=== WHAT THE TASK ASKS ===
An exact copy of all the entries is needed, with no images in it.

=== THE INPUT ===

▬▬▬

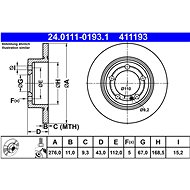 ATE brake disc 24.0111-0193.1, set of 2 - Brake Disc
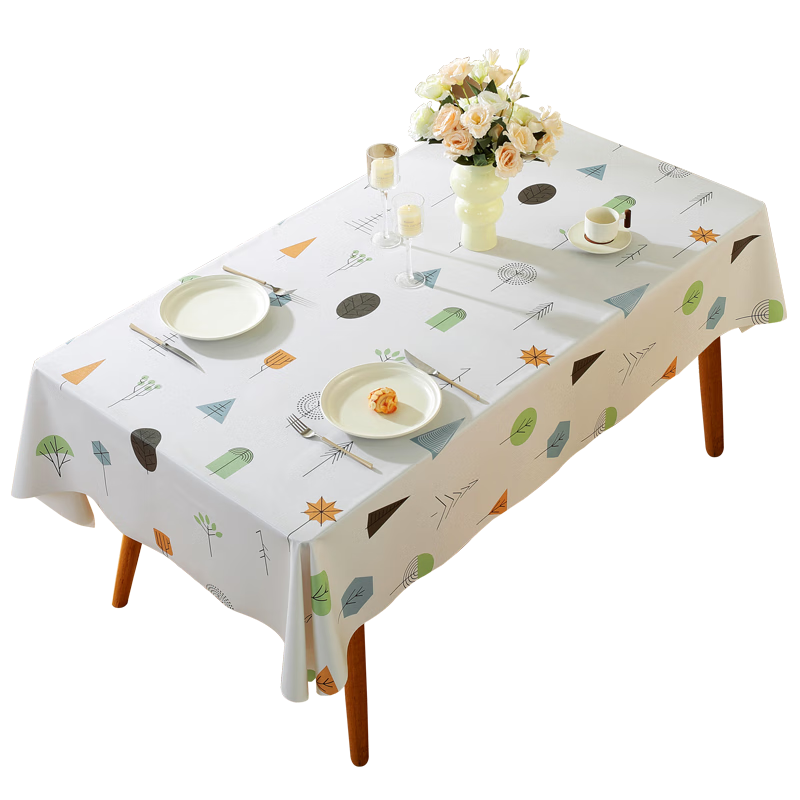 Ali Tablecloth, Waterproof, Heat-Resistant, Oil-Proof, Luxurious Feel, Coffee Table Mat, PVC Table Mat, Rectangular, Fairy Tale Forest Design, 1.4*1.8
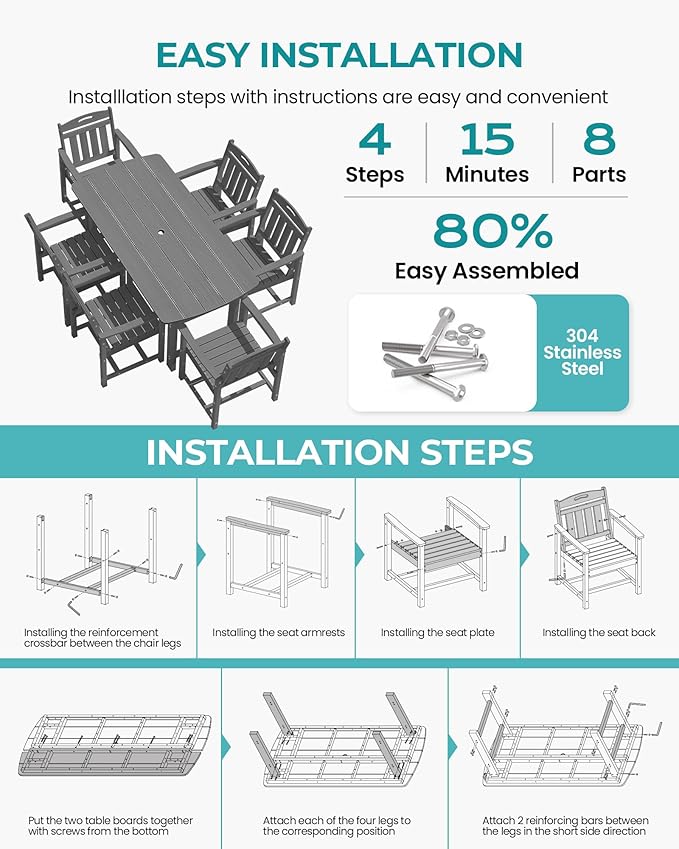Outdoor Rectangle Dining Table, Heavy-Duty HDPE Table - Image 5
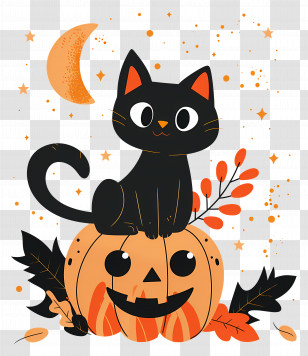 Halloween Cat - Black Cat Sitting On Halloween Pumpkin Transparent PNG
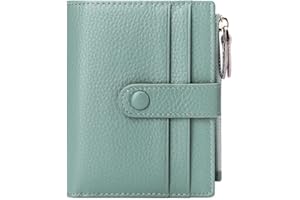 Bailonda Tarjeteros Mujer para Tarjetas de Credito, Cartera de Tarjetas de Crédito, con Cremallera, Tarjetero en Piel Auténtica, con 10 Ranuras Tarjetas ，Protección RFID（Azul ）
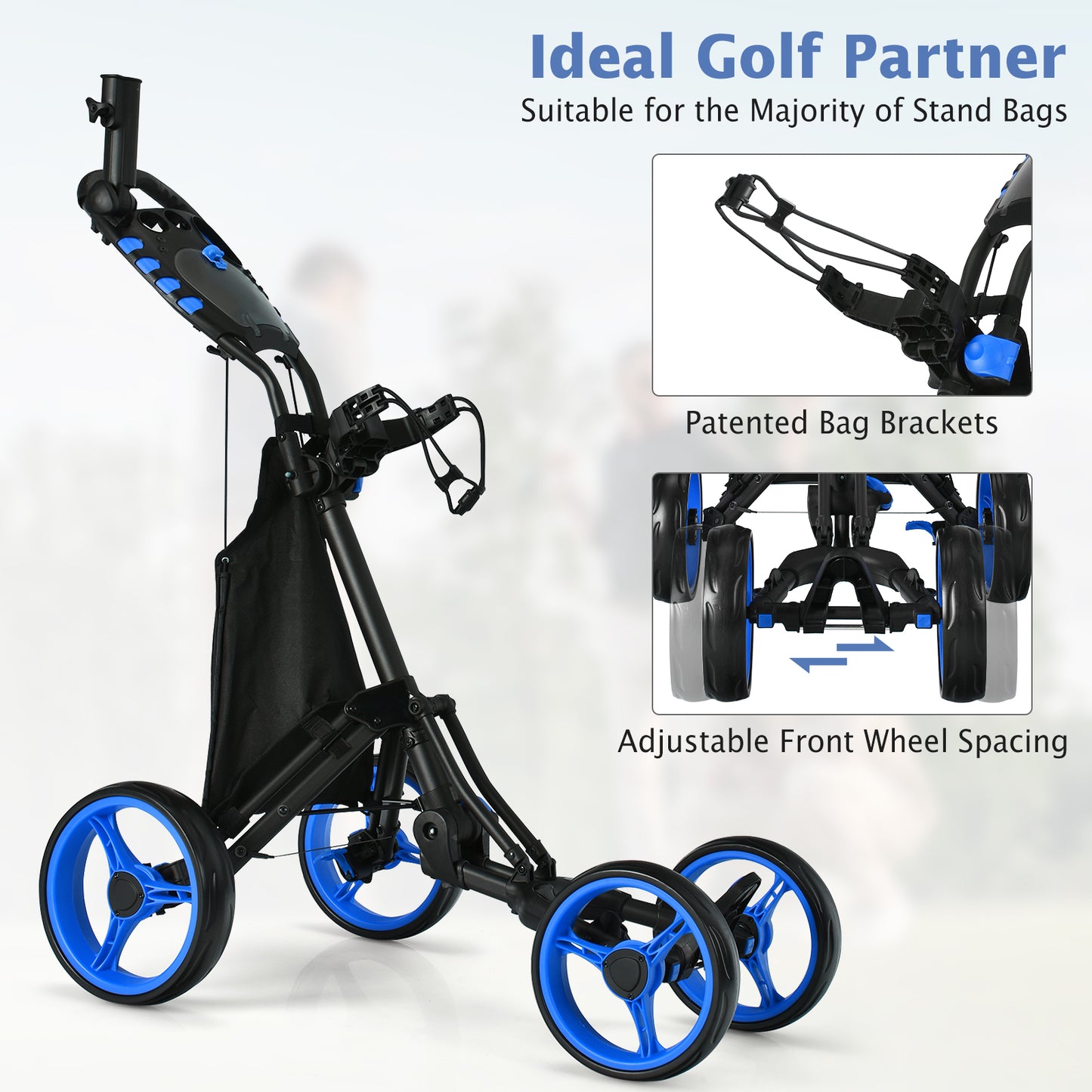 Lightweight Foldable Collapsible 4 Wheels Golf Push Cart-Blue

▬▬▬

=== OUTPUT OF THE TASK ===
 ATE brake disc 24.0111-0193.1, set of 2 - Brake Disc
 Ali Tablecloth, Waterproof, Heat-Resistant, Oil-Proof, Luxurious Feel, Coffee Table Mat, PVC Table Mat, Rectangular, Fairy Tale Forest Design, 1.4*1.8
Outdoor Rectangle Dining Table, Heavy-Duty HDPE Table - Image 5
 Halloween Cat - Black Cat Sitting On Halloween Pumpkin Transparent PNG
 Bailonda Tarjeteros Mujer para Tarjetas de Credito, Cartera de Tarjetas de Crédito, con Cremallera, Tarjetero en Piel Auténtica, con 10 Ranuras Tarjetas ，Protección RFID（Azul ）
 Lightweight Foldable Collapsible 4 Wheels Golf Push Cart-Blue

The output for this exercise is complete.